Image-caption web data:

┄┄┄┄┄┄┄┄┄┄┄┄┄┄┄┄┄┄┄┄

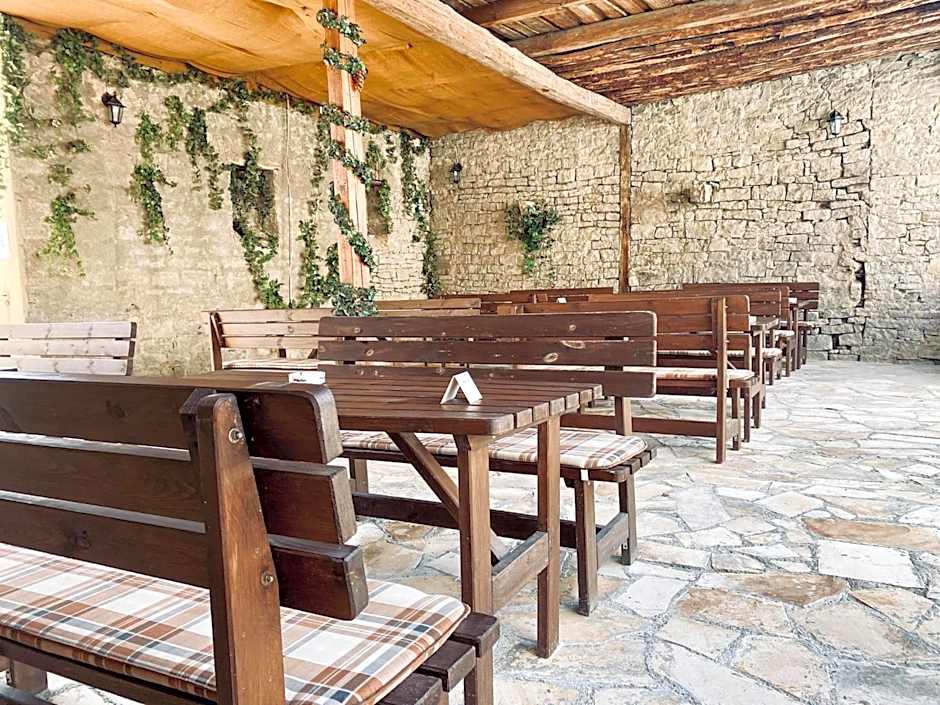 Landhotel "Schwarzach am Main"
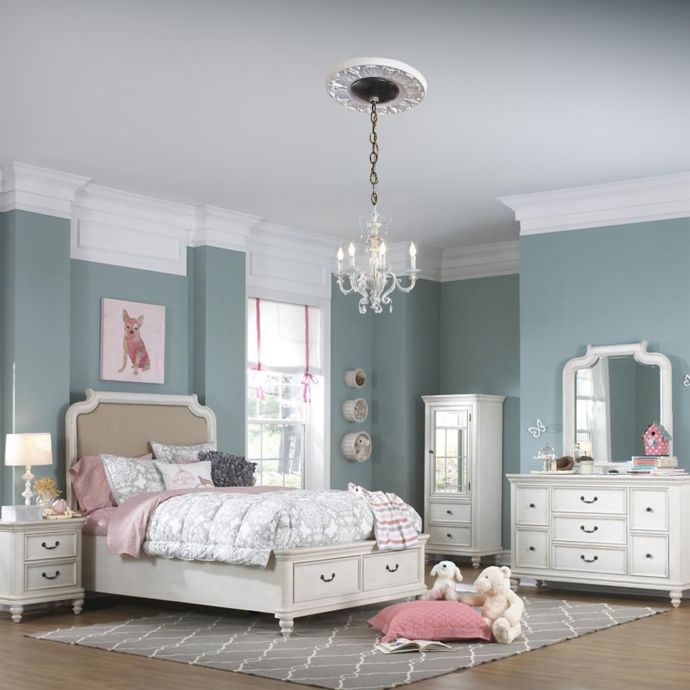 Pulaski Madison 5-Piece Bedroom Set in Antique White | Bed ...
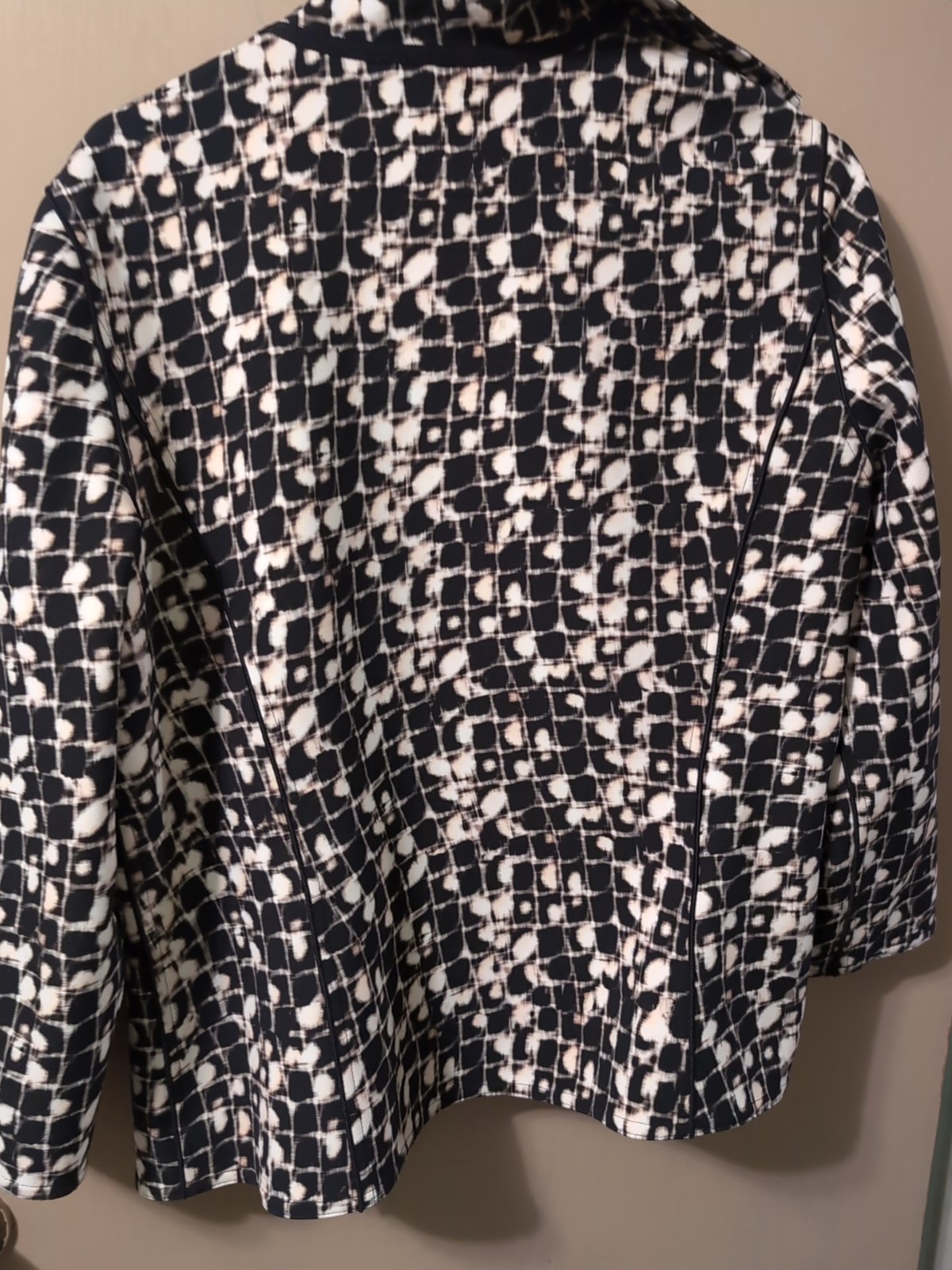 Reversible Jacket Size Medium Large - image 10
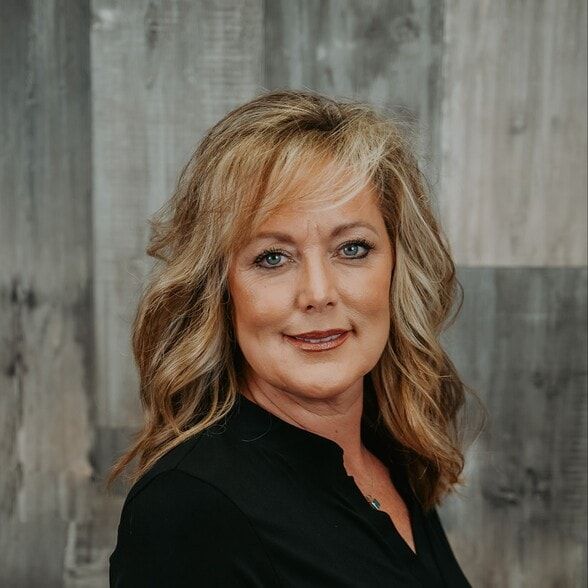 Land Listing Agent Photo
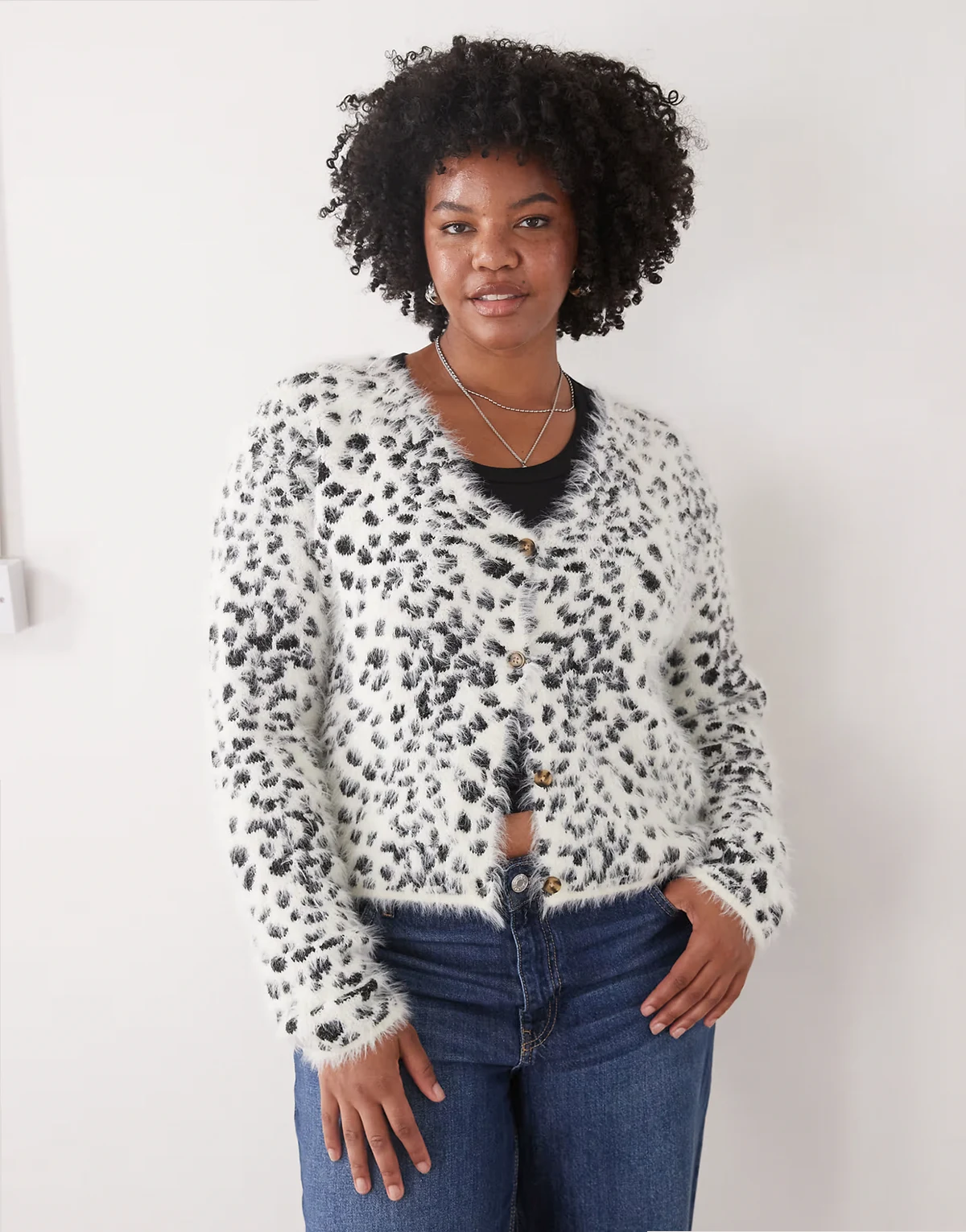Plus – Flauschige Strickjacke mit Schneeleopardenfell-Muster
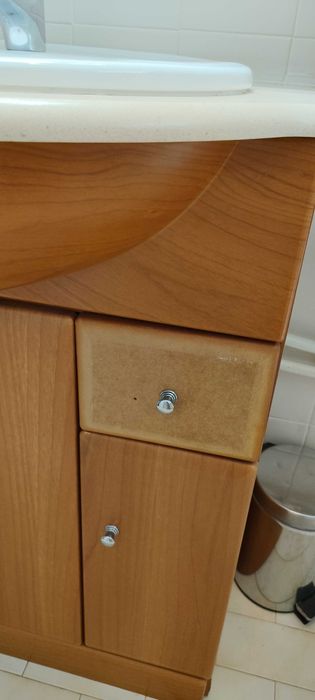 Móvel de casa de banho com lavatório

┄┄┄┄┄┄┄┄┄┄┄┄┄┄┄┄┄┄┄┄

DIRECTIONS FOR THIS TASK: The job here is to write out the records exactly, pictures excluded.

FINAL ANSWER:
 Landhotel "Schwarzach am Main"
 Pulaski Madison 5-Piece Bedroom Set in Antique White | Bed ...
 Reversible Jacket Size Medium Large - image 10
 Land Listing Agent Photo
Plus – Flauschige Strickjacke mit Schneeleopardenfell-Muster
 Móvel de casa de banho com lavatório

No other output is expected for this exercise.